◆ Task details: All that should be output is the block of lines below from the line with "Pair Of Square" to the line with "Turban Amina noir- luxe", both included, exactly as written.

◆ Records drawn from a dataset:

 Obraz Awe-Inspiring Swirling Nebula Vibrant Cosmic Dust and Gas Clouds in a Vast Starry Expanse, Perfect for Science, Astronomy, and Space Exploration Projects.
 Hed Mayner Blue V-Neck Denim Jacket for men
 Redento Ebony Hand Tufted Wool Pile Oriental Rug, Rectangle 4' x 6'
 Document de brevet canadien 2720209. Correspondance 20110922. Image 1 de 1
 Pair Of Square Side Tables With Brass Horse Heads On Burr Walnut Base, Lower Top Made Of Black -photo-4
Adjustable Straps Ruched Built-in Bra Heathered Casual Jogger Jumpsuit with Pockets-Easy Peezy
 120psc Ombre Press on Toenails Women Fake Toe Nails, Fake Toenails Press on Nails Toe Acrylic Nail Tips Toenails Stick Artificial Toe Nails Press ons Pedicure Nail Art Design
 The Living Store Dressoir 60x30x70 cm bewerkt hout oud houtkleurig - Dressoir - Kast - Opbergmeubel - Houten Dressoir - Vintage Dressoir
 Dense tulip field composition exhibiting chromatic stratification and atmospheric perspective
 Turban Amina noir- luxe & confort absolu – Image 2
==
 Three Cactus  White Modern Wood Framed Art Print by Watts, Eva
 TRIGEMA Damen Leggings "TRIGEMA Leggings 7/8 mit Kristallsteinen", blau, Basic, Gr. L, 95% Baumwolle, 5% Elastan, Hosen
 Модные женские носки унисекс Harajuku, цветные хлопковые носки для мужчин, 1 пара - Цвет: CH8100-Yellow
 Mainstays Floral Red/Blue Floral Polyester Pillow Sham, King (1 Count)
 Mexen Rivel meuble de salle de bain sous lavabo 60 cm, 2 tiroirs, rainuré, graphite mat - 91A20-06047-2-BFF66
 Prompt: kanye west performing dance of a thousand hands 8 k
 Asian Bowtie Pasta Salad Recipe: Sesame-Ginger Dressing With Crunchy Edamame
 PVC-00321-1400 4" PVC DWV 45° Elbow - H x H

◆ Result of this exercise:
 Pair Of Square Side Tables With Brass Horse Heads On Burr Walnut Base, Lower Top Made Of Black -photo-4
Adjustable Straps Ruched Built-in Bra Heathered Casual Jogger Jumpsuit with Pockets-Easy Peezy
 120psc Ombre Press on Toenails Women Fake Toe Nails, Fake Toenails Press on Nails Toe Acrylic Nail Tips Toenails Stick Artificial Toe Nails Press ons Pedicure Nail Art Design
 The Living Store Dressoir 60x30x70 cm bewerkt hout oud houtkleurig - Dressoir - Kast - Opbergmeubel - Houten Dressoir - Vintage Dressoir
 Dense tulip field composition exhibiting chromatic stratification and atmospheric perspective
 Turban Amina noir- luxe & confort absolu – Image 2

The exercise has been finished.